TRUE STORY IN THE NEXT PARAGRAPH! (to be followed by a excerpt of my novel, Death at La Osa: A Pueblo Tribal Police Mystery).
In ca. 2018, my daughter, Wendy, and I stopped for a light dinner and drinks at the Adobe Bar at the Taos Inn, in Taos, New Mexico. I had written Death at La Osa and was editing time and time again my writing. Knowing that David Gary Suazo’s paintings were on my mind when I was writing pages 47-48, I had decided to let Wendy read those pages, sitting in the bar with Suazo’s paintings on the wall. I wanted to let Wendy see part of the process in creating a scene. She read the two pages and was smiling and complimentary (hard to critique your father’s work in a bar after a Margarita…or maybe not). Wendy looked at Suazo’s paintings on the wall and smiled again. When we paid our bill and were walking out, she said, “Wait a minute, Dad.” She walked back to the bar, took ‘Midnight Star Ladder’ off the wall and went to the front-desk clerk at the inn and said, “I want to buy this painting.” Wendy bought the painting right then and there, and it now hangs in the living room of her home in Taos. As a writer AND father, I try to comprehend writing, art, and father-daughter relationships. The simple truth is this: Wendy purchased the painting in an act of love for me and my writing. When I first saw her at birth through the labor room window in Amarillo, she changed my life forever. Yo te amo, mi hija–siempre, siempre, siempre [1].

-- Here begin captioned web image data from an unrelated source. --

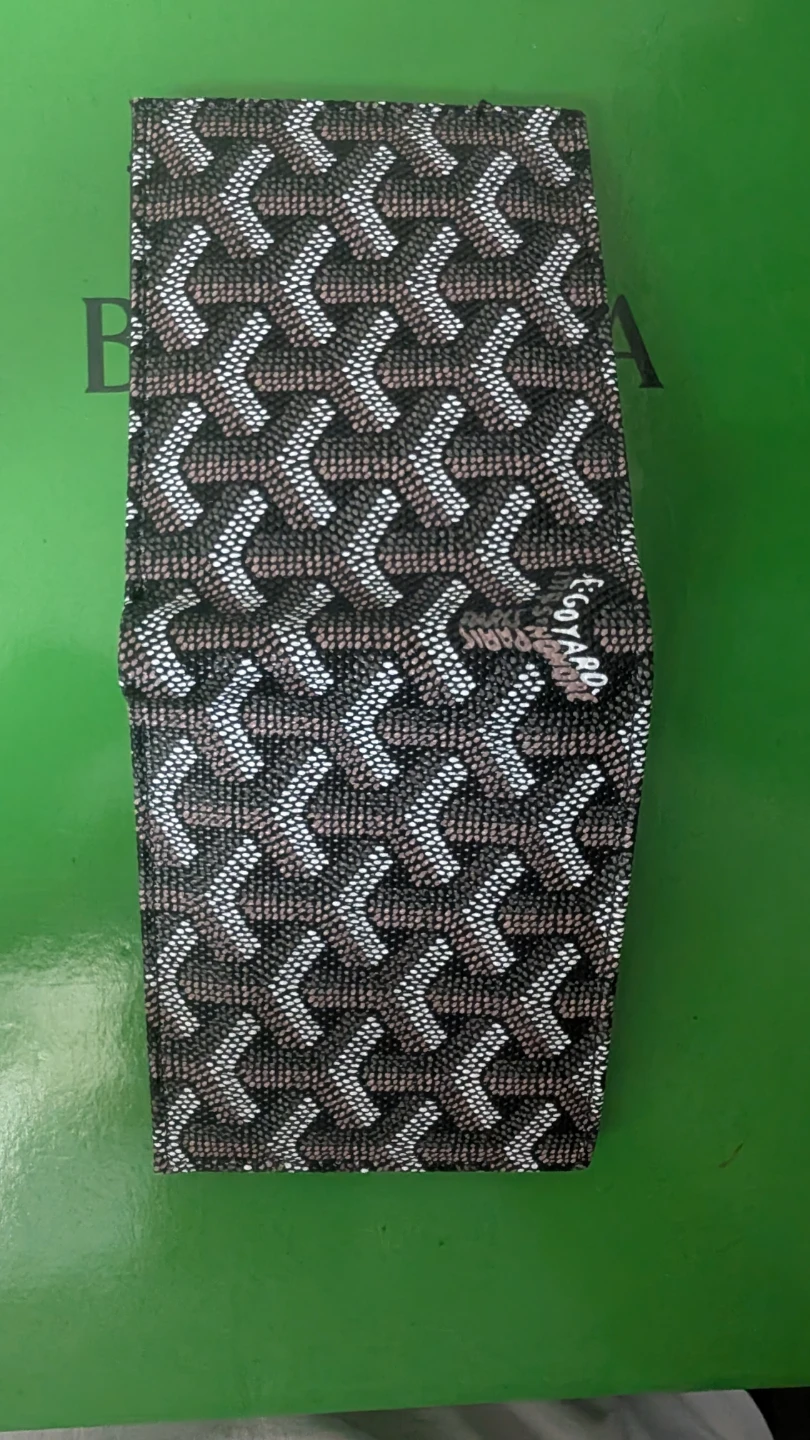 Goyard Bi-fold Wallet - photo 2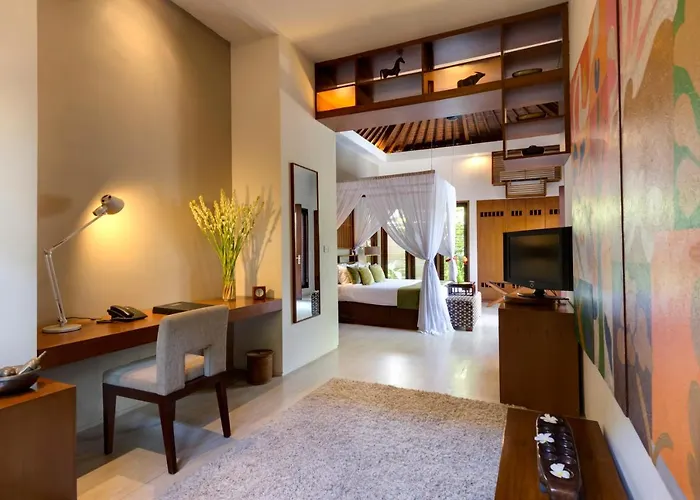 Lakshmi Luxury Villas, Walk To The And Shopping Villa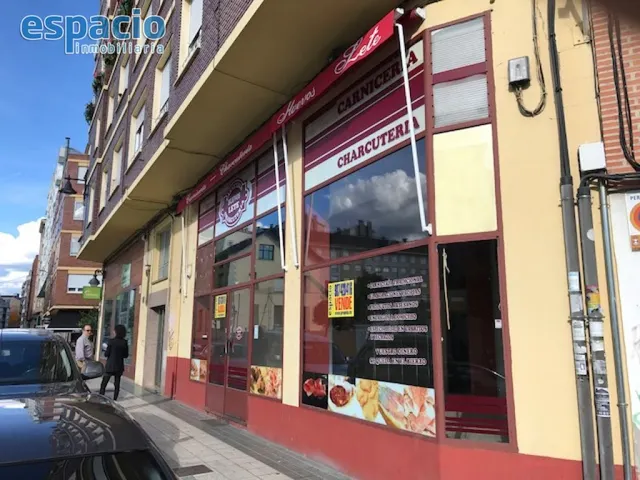 SE VENDE LOCAL COMERCIAL ZONA CENTRO — 5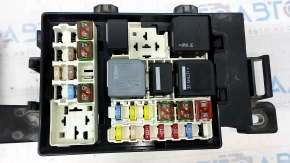 Fuse box underhood right Jaguar F-Pace X761 17- broken mount
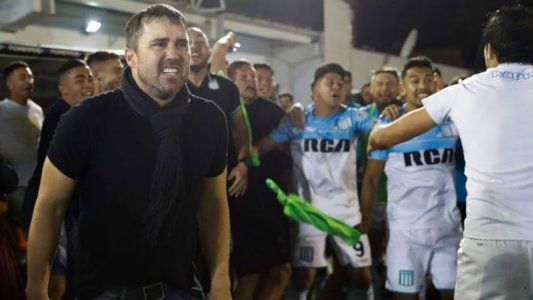 #RacingCampeón | ¿Quién se quedó con la bufanda cábala del Chacho Coudet?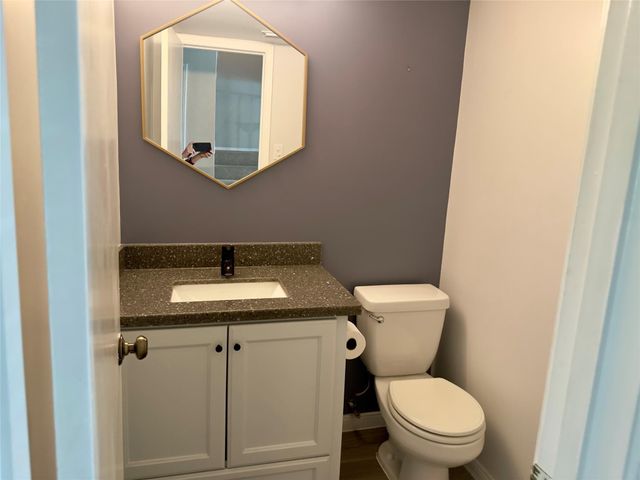 10168 Beekman Place Drive, Houston, TX 77043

“The table of six at Ojo Verde Inn began to eat their food and those facing Paseo de Norte looked out of the window next to the street and saw eighteen wheelers carrying logs from fresh cuts in the Carson National Forest. Snow had frozen to the bark of the fresh cut logs…. Those at the table that faced away from the street glanced upward at vigas in the ceiling and at artwork for sale on the wall. The prices for artwork of local Ojo Verde artists were priced to sell and the Pinion-Buttermilk Pancake woman eyed the brilliantly-hued painting of the Tulona Pueblo….
“I will buy that painting and make a place for it in my living room,” the Pinon-Buttermilk Pancake woman said to herself. When brunch was over, she went to the front desk of the Ojo Verde Inn, and out of her billfold she carefully placed seven-hundred dollars on the counter, buying the painting outright. As time went on in her life, she never regretted the purchase and her children rotated the painting amongst themselves after she died…. The Pinon-Buttermilk Pancake woman gave an additional tip to her server at the Inn because she wanted to remember and enlarge the morning at brunch as a generous morning, a time punctuated with giving, and with art.
An excerpt from the novel by Jack Matthews, Death at La Osa.
[1] Translation is, “I love you, daughter–always, always, always.”